The Semantic Web is a web of data. There is lots of data we all use every day, and it is not part of the web. I can see my bank statements on the web, and my photographs, and I can see my appointments in a calendar. But can I see my photos in a calendar to see what I was doing when I took them? Can I see bank statement lines in a calendar?
Why not? Because we don’t have a web of data. Because data is controlled by applications, and each application keeps it to itself.
The Semantic Web is about two things. It is about common formats for integration and combination of data drawn from diverse sources, where on the original Web mainly concentrated on the interchange of documents. It is also about language for recording how the data relates to real world objects. That allows a person, or a machine, to start off in one database, and then move through an unending set of databases which are connected not by wires but by being about the same thing.
Wikipedia describes web 3.0 – the semantic web as:
Web 3.0 is one of the terms used to describe the evolutionary stage of the Web that follows Web 2.0. Given that technical and social possibilities identified in this latter term are yet to be fully realized the nature of defining Web 3.0 is highly speculative. In general it refers to aspects of the Internet which, though potentially possible, are not technically or practically feasible at this time.
Is this the end of Google (or maybe the start of the end…)?
Wikipedia 3.0: The End of Google?
The Semantic Web (or Web 3.0) promises to “organize the world’s information” in a dramatically more logical way than Google can ever achieve with their current engine design. This is specially true from the point of view of machine comprehension as opposed to human comprehension.The Semantic Web requires the use of a declarative ontological language like OWL to produce domain-specific ontologies that machines can use to reason about information and make new conclusions, not simply match keywords.
This quote from an article (blog) from evolvingtrends has some interesting points. If (at last) we get to the point where web pages are ‘organised’ or structured in such a way that a form of natural search language can evolve (aka SQL, etc.) then the web will become self describing. The ‘structure’ of the web can actually be its own database[engine].
Once we evolve (naturally…?) the constructs within web pages to semantically describe the data that is embedded into the page, should we not have a perfect solution for searching and selecting data? Imagine if you will pages with pseudo XML markup that conforms to pre-defined schemas (XML I hear you shouting) that enables any web page to embed the data in such a way that a natural search engine can find the data; not only find it but find it with some degree of accuracy.
Instead of flapping around trying to parse data (text at the moment) from long winded html web pages, the constructs of the web pages will be a sort of self describing database that conforms to common standards. For example you would be able to search all web pages for cars that have certain characteristics and requirements, throughout the web, and actually GET good results. No longer the wishy washy results returned by the ‘best guess’ methods of the search engines; now information that conforms exactly to our search criteria – eutopia?
Watch this space (and of course millions of other ‘spaces’) as we get closer to having a useful ”search enabled’ web…
We have Dictionaries, Thesauri, Taxonomies DTT human readable form and we can use them.
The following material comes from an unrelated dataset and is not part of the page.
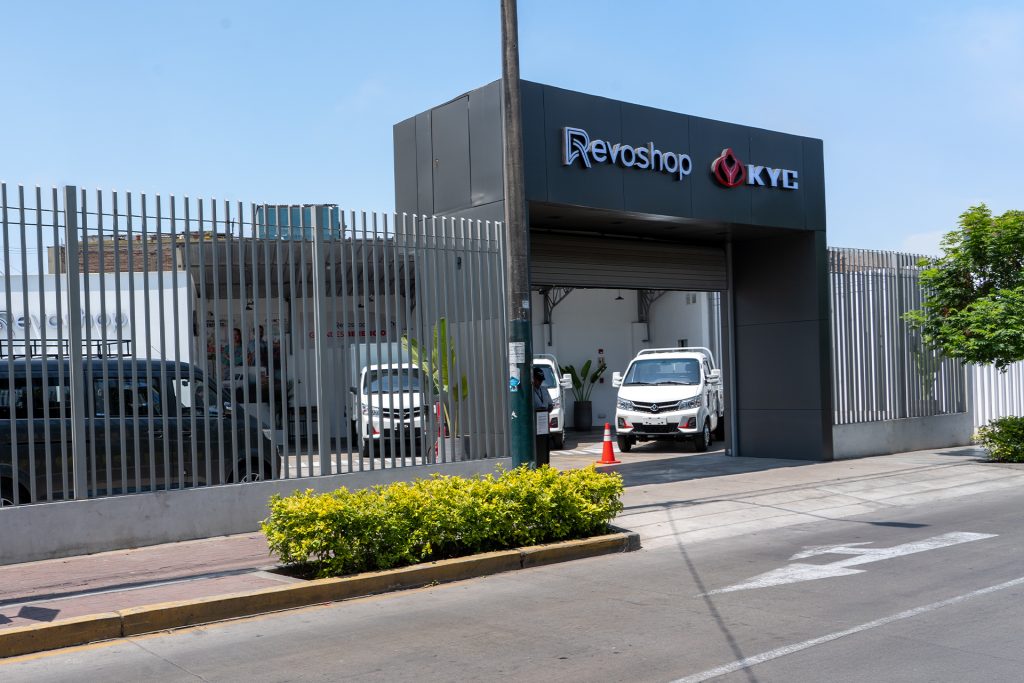 local kyc lima revoshop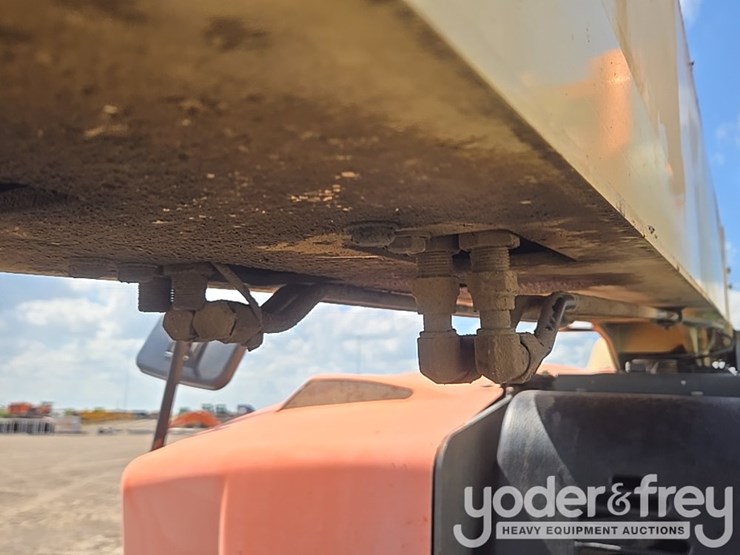 2012-jlg-g6-42a-image-16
Are there Ontologies in human readable form to serve the purpose not solved by a combination of DTT?
The answer lies between the body of knowledge that is self encrypted (human readable but not machine readable) and the machines that need to understand and make sense of that knowledge.
Now that the mass of data is out there and being indexed, everyone has concluded that the accuracy of said data is just not good enough. We need more accurate results. No longer is it good to search for something and get page 1 of 1m or so results. The best result is ONE – e.g. the one that you were looking for, given the wishy washy search criteria that was entered in the first place.